After the interview, City officials told FOX 8 the last disaster paycheck went to employees the day after our initial story on the disaster pay aired. FOX 8 sued the City of Kenner to get them to hand over the records on the post-Ida disaster pay.

Zahn claims the taxpayer money was well spent, but FOX 8 found high level officials in other hard-hit parishes didn’t make nearly that much.

Lafourche Parish has a larger population than Kenner, and had more damage from Ida. However, the Lafourche Parish Administrator made $118,000 last year, and the Director of Public Works made $124,000. Those salaries included some overtime that both directors made in the weeks following hurricane Ida. Yet, neither earned close to the $223,000 that Deputy CAO Chad Pitfield was paid by Kenner.

Zahn says Pitfield went above and beyond to help the parish.

Zurik: “We collect records from every government, many years. We’ve talked to Lafouche, Terrebonne, St. John, St. Charles… parishes who were hit very hard by this. No one has paid an employee like you paid Chad Pitfield.”

Ben Zahn: “There’s an employee there that has done a lot. All of our employees did a lot of work. But you have one employee that has done consistent work throughout different hours, before 8:30 AM and past 4:30 PM.”

lee: “No other parish or entity has done that?”

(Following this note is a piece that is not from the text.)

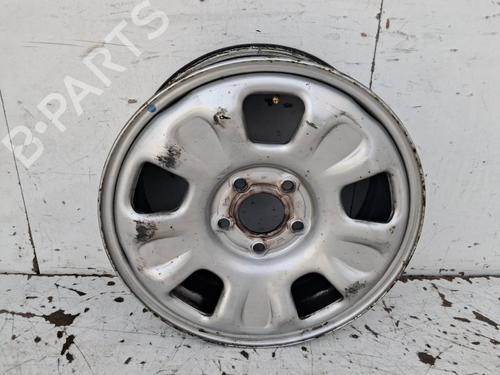 Used Rim Rim 37602244 37602244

zahn: “I understand. Maybe they don’t have a Chad Pitfield.”

The 2002 policy directs salaried employees to earn extra pay while the City of Kenner is closed due to an emergency. There are still questions about why Kenner continued to pay Pitfield and other employees, after the city reopened in late September.

Zurik: “But you’re not following the policy.”

Zahn: “Well, most administrations have never had to deal with what you’re looking at here. City Hall, does this look open? This city hall right here is not open.” Zurik: “But the city government’s open.” Zahn: “City government’s open… and city government had to continue in some type of form. And that’s what we continued to do.”

Zurik: “But late September, city government, the offices reopened.” Zahn: “You’re going on a on a Facebook post that we put out, not a legal document. There’s a legal way of doing it. There was a Facebook post, we went on a Facebook post that we were restoring City Hall to the people of Kenner. Like I said, City Hall has never taken this much devastation before.” Zurik: “But the city was open.” Zahn: “City, well, city was open.” Zurik: “City government was open. The policy says for employees who essentially aren’t essential and they don’t come into work, they can stay at home but still get paid. And then the people who are working, who are essential, are still get their money, but then they also get this additional money for any hours they are working. Well, those employees who were at home had returned to work and we’re getting paid.” Zahn: “Correct.” Zurik: “So the policy was not being followed.” Zahn: “Right. The policy was written by another was written years ago. We were following the policy to where we felt we needed to follow it.”

Kenner Councilmember Tom Wilmott wants reforms to the current disaster pay system. Under his new proposal, employees could only be paid disaster pay for five days. Anything beyond that would need to be approved by the Kenner Council.